[Opening Supplied data section]
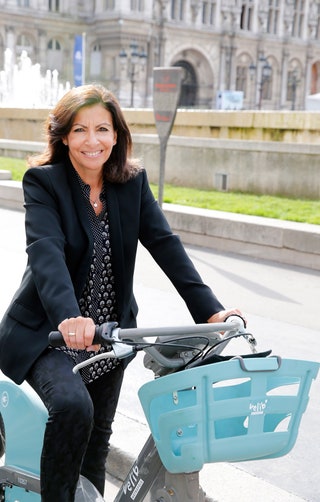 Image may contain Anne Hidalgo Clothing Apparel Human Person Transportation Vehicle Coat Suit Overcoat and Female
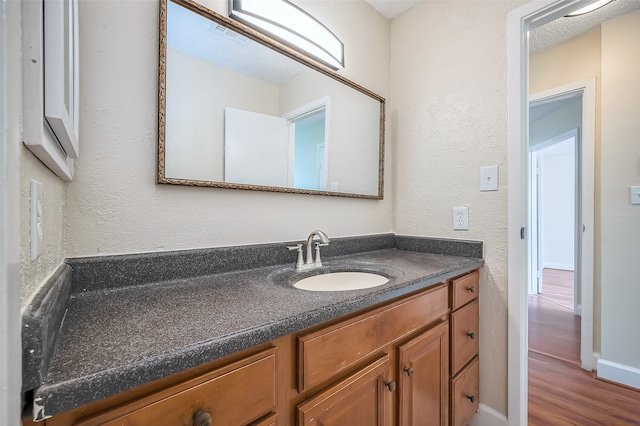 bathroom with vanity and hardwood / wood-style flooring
[Closing Supplied data section]
[Opening Supplied data section]
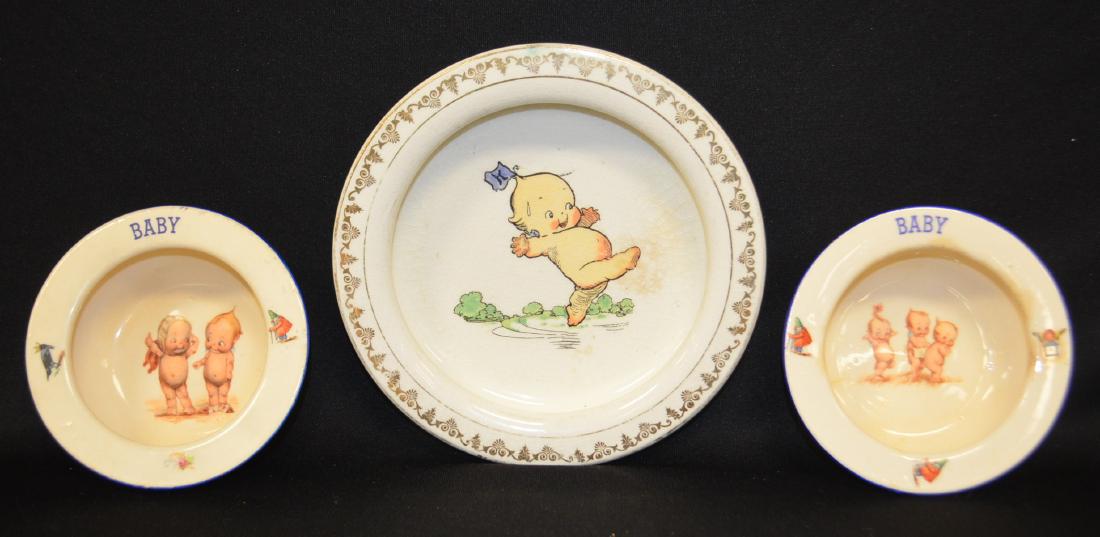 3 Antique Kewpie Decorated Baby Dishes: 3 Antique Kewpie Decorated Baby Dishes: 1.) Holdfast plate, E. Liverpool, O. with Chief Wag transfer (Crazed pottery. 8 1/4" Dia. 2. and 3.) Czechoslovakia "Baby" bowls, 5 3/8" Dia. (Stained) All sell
[Closing Supplied data section]
[Opening Supplied data section]
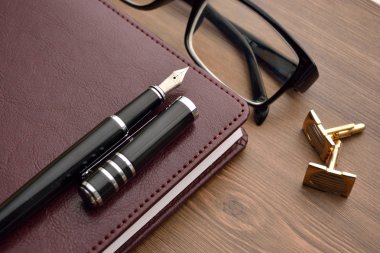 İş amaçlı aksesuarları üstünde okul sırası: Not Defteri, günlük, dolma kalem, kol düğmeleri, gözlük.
[Closing Supplied data section]
● **What you are asked to do**:
Set down, exactly as written above, each line from the one with "Image may contain" through the one with "bathroom with vanity", and skip the pictures.

● **Output below**:
 Image may contain Anne Hidalgo Clothing Apparel Human Person Transportation Vehicle Coat Suit Overcoat and Female
 bathroom with vanity and hardwood / wood-style flooring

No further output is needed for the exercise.